Source file: src/neural_primitives/embeddings.zig


Public Types

TokenEmbedding

pub const TokenEmbedding = struct {
    weights: Tensor(f32),
    vocab_size: usize,
    d_model: usize,
};

Learned embedding table that maps token IDs to dense vectors.

Field Type Description
weights Tensor(f32) Shape [vocab_size, d_model]
vocab_size usize Number of tokens in vocabulary
d_model usize Embedding dimension

SegmentEmbedding

pub const SegmentEmbedding = struct {
    weights: Tensor(f32),
    num_segments: usize,
    d_model: usize,
};

Optional segment embeddings (used by BERT-style models, not LLaMA).


Public Functions

TokenEmbedding.init

pub fn init(
    vocab_size: usize,
    d_model: usize,
    allocator: std.mem.Allocator,
) !TokenEmbedding

Allocate and zero-initialize an embedding table.

TokenEmbedding.deinit

pub fn deinit(self: *TokenEmbedding) void

Free the weight tensor.

TokenEmbedding.forward

pub fn forward(
    self: TokenEmbedding,
    token_ids: []const u32,
    allocator: std.mem.Allocator,
) !Tensor(f32)

Look up embeddings for a sequence of token IDs. Returns a tensor of shape [seq_len, d_model].

Parameters:

Name Type Description
token_ids []const u32 Input token IDs
allocator Allocator Memory allocator for the result

sinusoidalPositionalEncoding

pub fn sinusoidalPositionalEncoding(
    seq_len: usize,
    d_model: usize,
    allocator: std.mem.Allocator,
) !Tensor(f32)

Generate sinusoidal positional encodings as described in "Attention Is All You Need" (Vaswani et al., 2017). Returns a tensor of shape [seq_len, d_model].

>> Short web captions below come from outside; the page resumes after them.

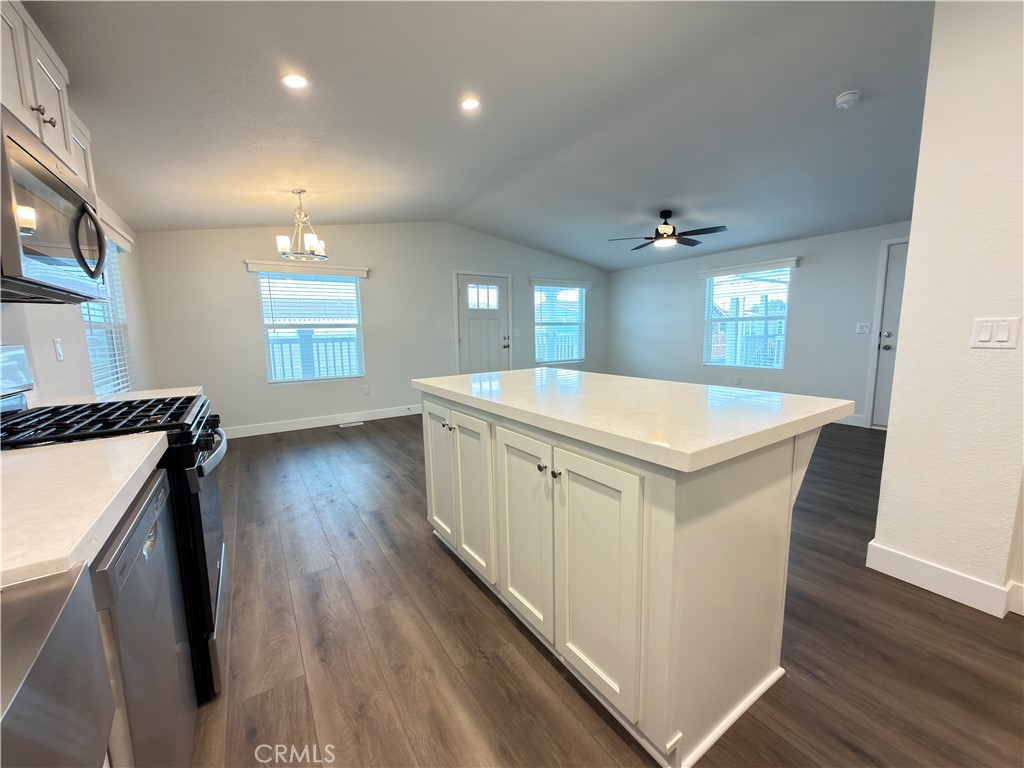 9850 Garfield Ave 18, Huntington Beach CA 92646 - photo 33
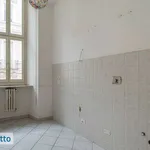 Affitto 4 camera appartamento di 110 m² in Turin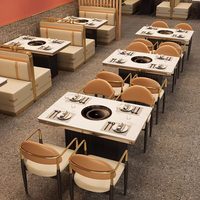 Ensemble de mobilier de restaurant commercial moderne sur mesure, tables et banquettes semi-circulaires durables à structure métallique pour restaurants de hot pot et de barbecue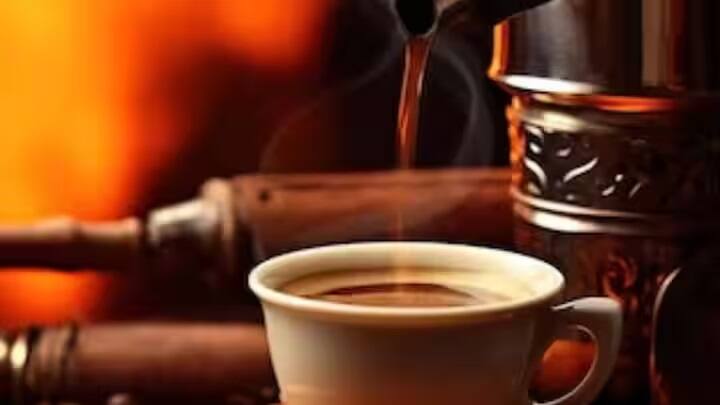 Health Tips:  ઇન્સ્ટન્ટ એનર્જી માટે આપણે ઘણીવાર ચા અને કોફીનો ઉપયોગ કરીએ છીએ. તેમાં જોવા મળતું કેફીન મગજ પર સીધી અસર કરે છે.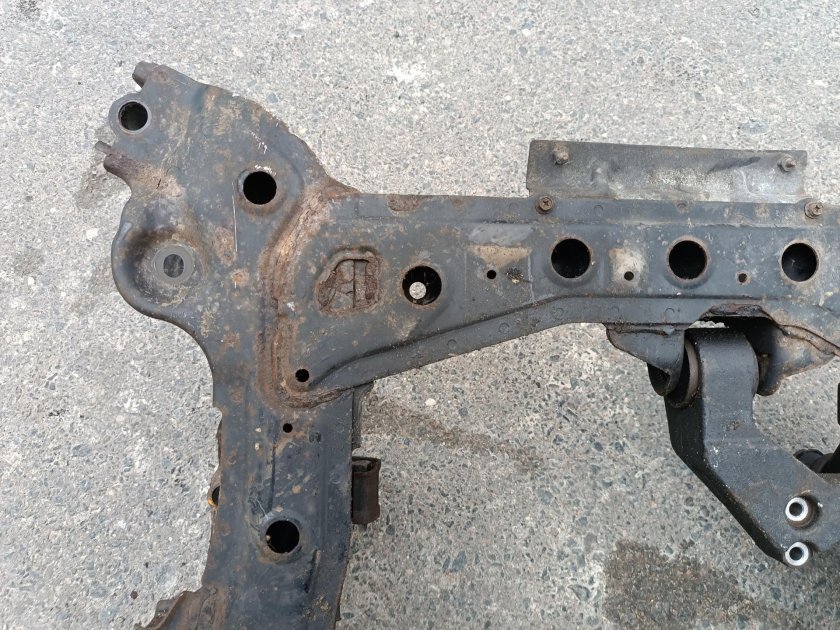 Подрамник Сузуки Гранд Витара 2002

Even dimensions use sin(pos / 10000^(2i/d)), odd dimensions use the cosine.

rotaryPositionalEmbedding

pub fn rotaryPositionalEmbedding(
    tensor: Tensor(f32),
    positions: []const usize,
    theta: f32,
    allocator: std.mem.Allocator,
) !Tensor(f32)

Apply Rotary Position Embedding (RoPE) in-place. This is the position encoding used by LLaMA. It rotates pairs of dimensions by position-dependent angles, encoding relative position information directly into query and key vectors.

Parameters:

Name Type Description
tensor Tensor(f32) Input Q or K tensor, shape [seq_len, d_head]
positions []const usize Absolute positions for each token
theta f32 Base frequency (LLaMA default: 10000.0)
allocator Allocator Memory allocator

Returns: tensor with RoPE applied.


Error Types

  • TensorError.InvalidIndex -- a token ID exceeds vocab_size.
  • TensorError.OutOfMemory

Usage Example

const emb = @import("zigllama").neural_primitives.embeddings;

// Create embedding table
var tok_emb = try emb.TokenEmbedding.init(32000, 4096, allocator);
defer tok_emb.deinit();

// Look up embeddings for a token sequence
const tokens = &[_]u32{ 1, 15043, 29892, 920, 526, 366 };
var hidden = try tok_emb.forward(tokens, allocator);
defer hidden.deinit();

// Apply RoPE
const positions = &[_]usize{ 0, 1, 2, 3, 4, 5 };
var with_rope = try emb.rotaryPositionalEmbedding(
    hidden, positions, 10000.0, allocator,
);
defer with_rope.deinit();